Nikki mentioned that a common theme of immersion in the new gaming forums being built. Dave Pentecost introduced using Unity 3D software and a fisheye lens (free download) to bring a 3 dimensional gaming experience into domes (imagine going to the planaterium, having all the seats removed, and interacting with game elements in 3D before you using Kinect sensors in the dome and an EEG controlled headset. There were demos in the Festival’s Awards Arcade! TheBlu.com was another new gaming experience, an incredible online world of individually created oceanographic life, bringing together the work of thousands of graphic artists (for example, I can use media maker to create my own reality based representation of a moon jellyfish that others can download as an app and place in their blu that supports conservation efforts). I’ve already downloaded as a screensaver – absolutely gorgeous! My son Ian, watching some of the presentation keynotes in the background, was agog with excitement over the possibilities of using Valve software to create his own portal environments, particularly with AP Physics coming in the fall.

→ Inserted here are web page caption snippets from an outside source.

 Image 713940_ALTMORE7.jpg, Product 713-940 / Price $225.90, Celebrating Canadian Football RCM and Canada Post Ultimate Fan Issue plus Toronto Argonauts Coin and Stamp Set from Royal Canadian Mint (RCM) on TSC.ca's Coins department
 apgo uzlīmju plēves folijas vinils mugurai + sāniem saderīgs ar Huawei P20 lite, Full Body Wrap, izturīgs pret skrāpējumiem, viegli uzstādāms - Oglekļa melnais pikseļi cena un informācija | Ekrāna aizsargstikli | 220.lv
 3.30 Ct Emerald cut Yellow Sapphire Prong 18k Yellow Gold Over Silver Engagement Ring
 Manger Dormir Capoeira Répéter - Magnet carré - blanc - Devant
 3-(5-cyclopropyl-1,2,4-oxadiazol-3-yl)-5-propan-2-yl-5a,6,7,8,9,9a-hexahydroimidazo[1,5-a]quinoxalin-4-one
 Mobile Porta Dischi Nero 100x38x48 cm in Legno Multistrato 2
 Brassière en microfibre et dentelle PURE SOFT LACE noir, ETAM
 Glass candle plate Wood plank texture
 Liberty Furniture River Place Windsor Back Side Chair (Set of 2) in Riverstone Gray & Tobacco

Todd’s vision as an educator opened my eyes to see that video game design is not simply some elective program running down the hall with the technology teacher. He told the group gathered for the lunch, “The days of teaching Microsoft Word and PowerPoint and keyboarding at the high school level are over.” Conference presenters shared stories of journalists not merely needed the skills to write an article about current events, but quickly create online games that communicate the news through interactive puzzles, stories of historians not merely writing a book about the latest in archeology, but creating a 3D domed experience of cave art, stories of emergency workers developing games that make earthquake safety lessons memorable. I am teaching a theology class at Duquesne this fall. I’ve added to the syllabus the option to use Game Salad to make an app for one of the portfolio assignments. I’ll let you know if any of the college freshman take advantage of the option!

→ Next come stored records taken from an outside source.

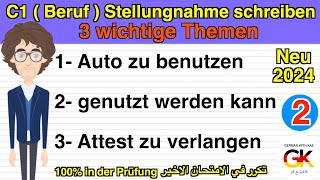 C1  Beruf  Stellungnahme schreiben  3 wichtige Themen  Part 2  neu 2024 [upl. by Armelda]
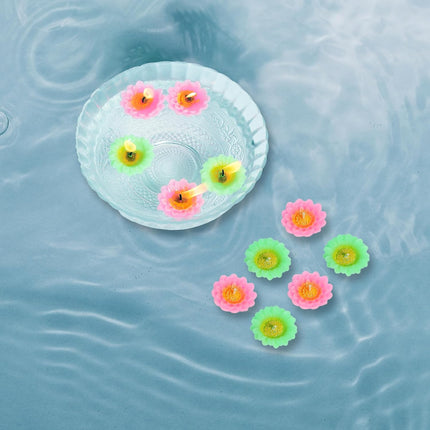 Rose Flower Design Floating Candle, Decorative Diwali Candles, Smokeless Candle for Diwali, Wax Candles- Set of 12 (Assorted Color)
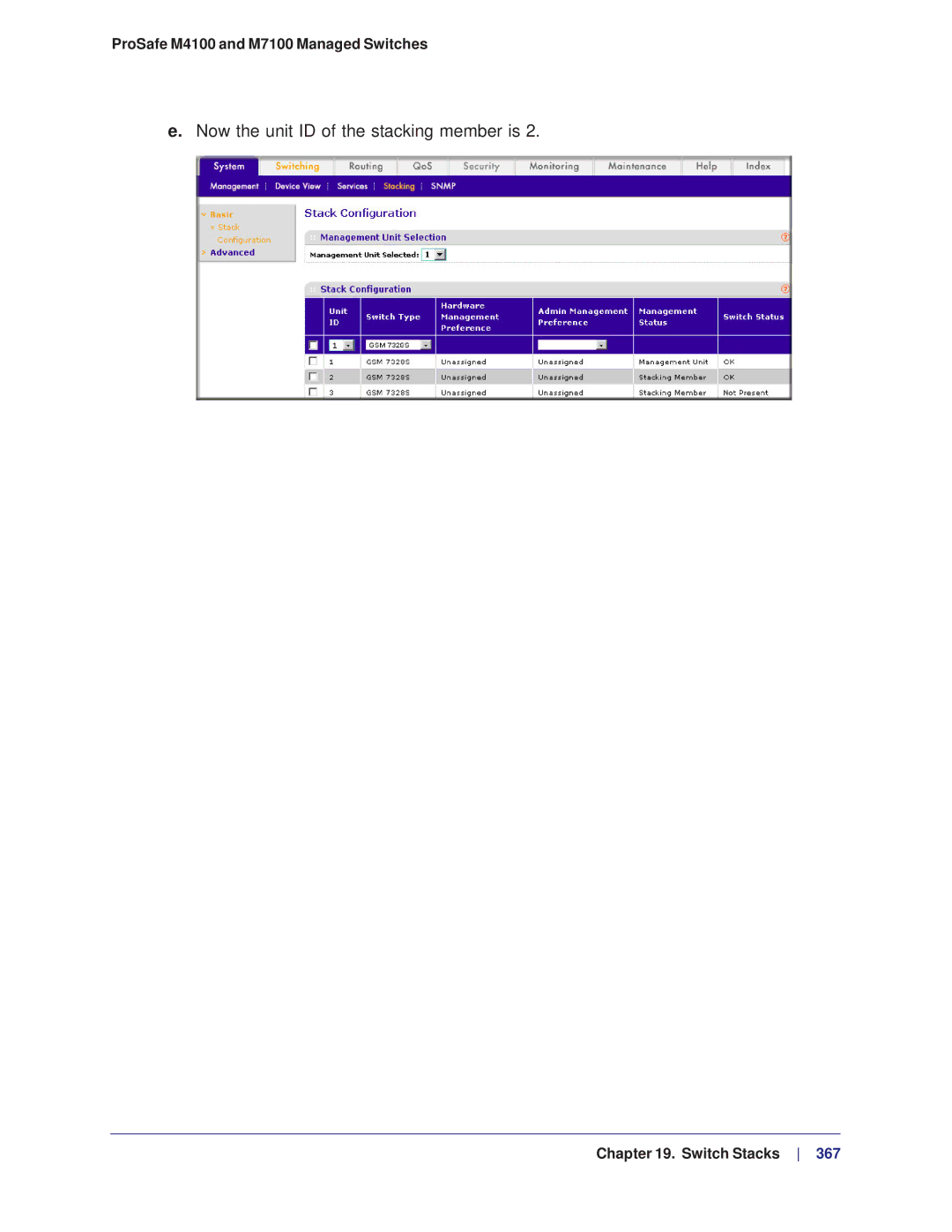 NETGEAR M4100, M7100 manual Now the unit ID of the stacking member is 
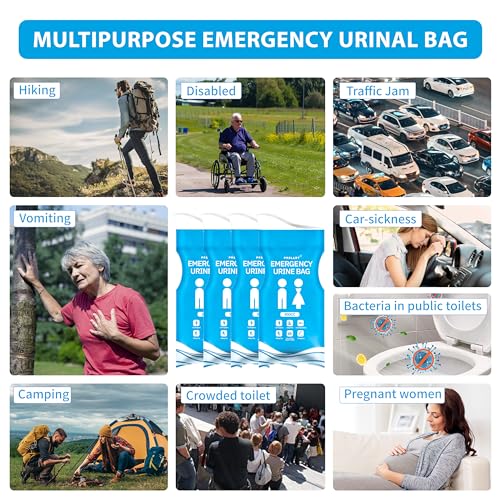 900CC Disposable Urine Bags - 12 PCS Portable Travel Pee Bags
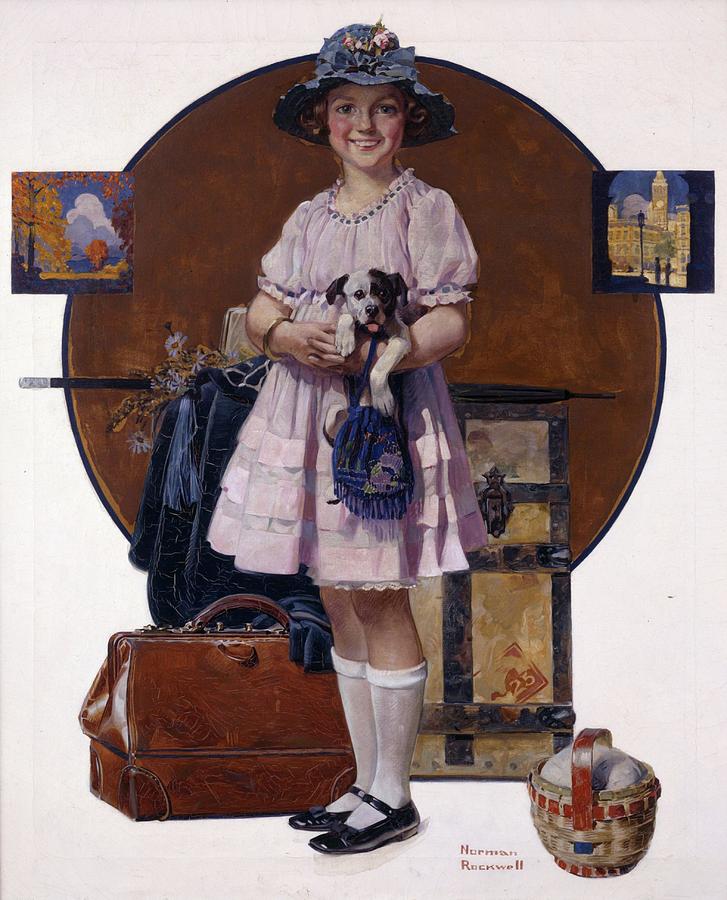 Vacation S Over Girl Returning From Summer Trip Painting By Norman   Vacations Over Girl Returning From Summer Trip Normanrockwell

Thank you to the Sprout Fund for making it possible for Nikki and Todd to attend the conference and the forum to share their experiences. Pittsburgh has some of the leading voices of this digital wave of games for change: CMU’s Entertainment Technology Center, Nikki Navta’s Zulama,Todd Keruskin Entertainment Technology Academy in the Elizabeth Forward School District, Jesse Schell at Schell Games. Kudos for their efforts to create games that are well defined problems, games that we are highly motivated to solve, games whose side effects include conceptual and meta understandings, games that prepare us for future learning and set the foundation for situated understanding.
2 comments
Ellen-
Thanks so much for coming to our Lunch N Learn session. I’m glad our message resonated with you. The Games for Change conference was truly inspiring–I haven’t been around that many people thinking creatively about education in a long time (if ever)!
-Nikki
Ellen,
It was great to meet you yesterday and thanks for the kind words. I love trying to enhance teaching and learning and trying to engage more students! This conference truly changed my views of education. Keep me updated about the Gamesalad project!!